Refacing Your Database, Part 1
April 5, 2016 Paul Tuohy
Note: The code accompanying this article is available for download here. In this group of three articles, I will discuss a technique for refacing a traditional DDS defined database as an SQL DDL defined database. There will be no recreation of files or recompilation of programs, and it is not as much hard work as you think it might be. The stored procedures, functions, programs, and commands used in these articles are available in the library SQLFACE, which can be downloaded here. Before I get into the nitty gritty of refacing databases, I would just like to say that I think this is a great project to give to one or more interns.

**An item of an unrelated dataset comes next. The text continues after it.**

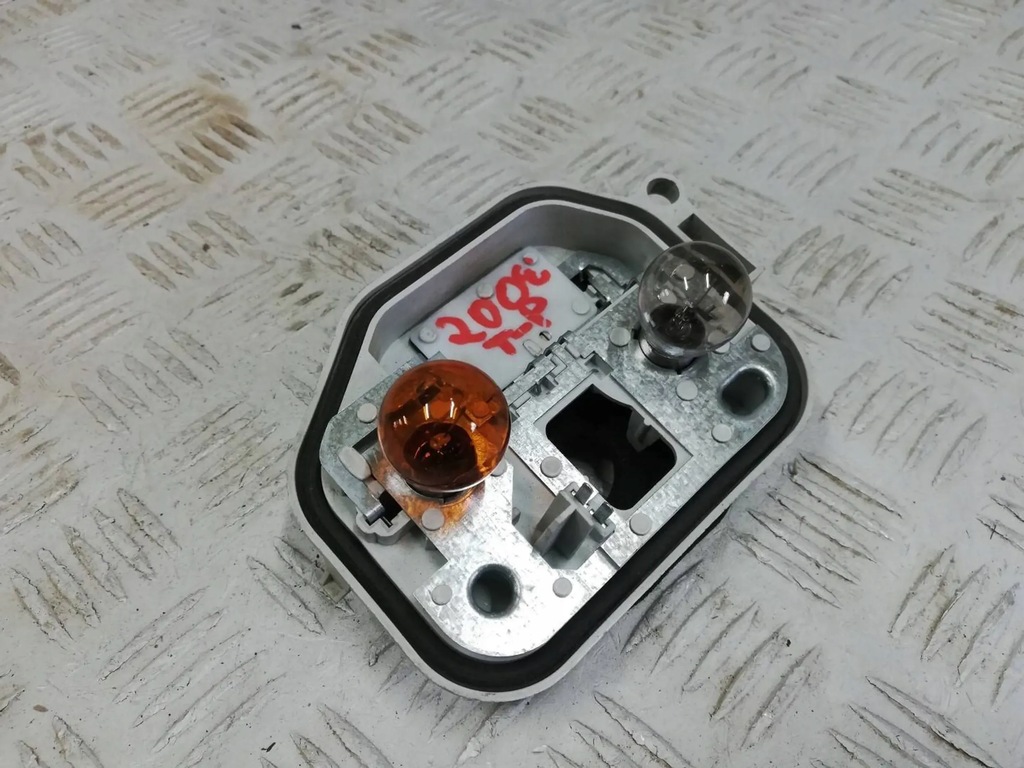 фото №1, Peugeot 2008 вкладыш лампы правый задняя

So now might be a good time to reach out to a local college or university. This does not require a deep knowledge of IBM i and college kids will probably have the required database knowledge. And on to the nitty gritty. Why Reface? This is a variation of a scenario that I have seen multiple (20-plus) times over the last few years. Your company is investing in a reporting or data warehousing tool. The vendor sends a database analyst (DBA) to have a look at your database (which they were told is DB2) and see how they might use it. The DBA has never heard of an IBM i or iSeries or AS/400. The DBA sits down with you and asks to have a look at some of the main tables that will be accessed by the new tool. You fire up Run SQL Scripts (in Navigator) or Data Studio and proceed to type in: select * from sacusmas; select * from saprodmas; select * from sasalhst; The DBA’s eyebrows raise slightly at the strange table names. Then the result sets, shown in Figure 1, pop up.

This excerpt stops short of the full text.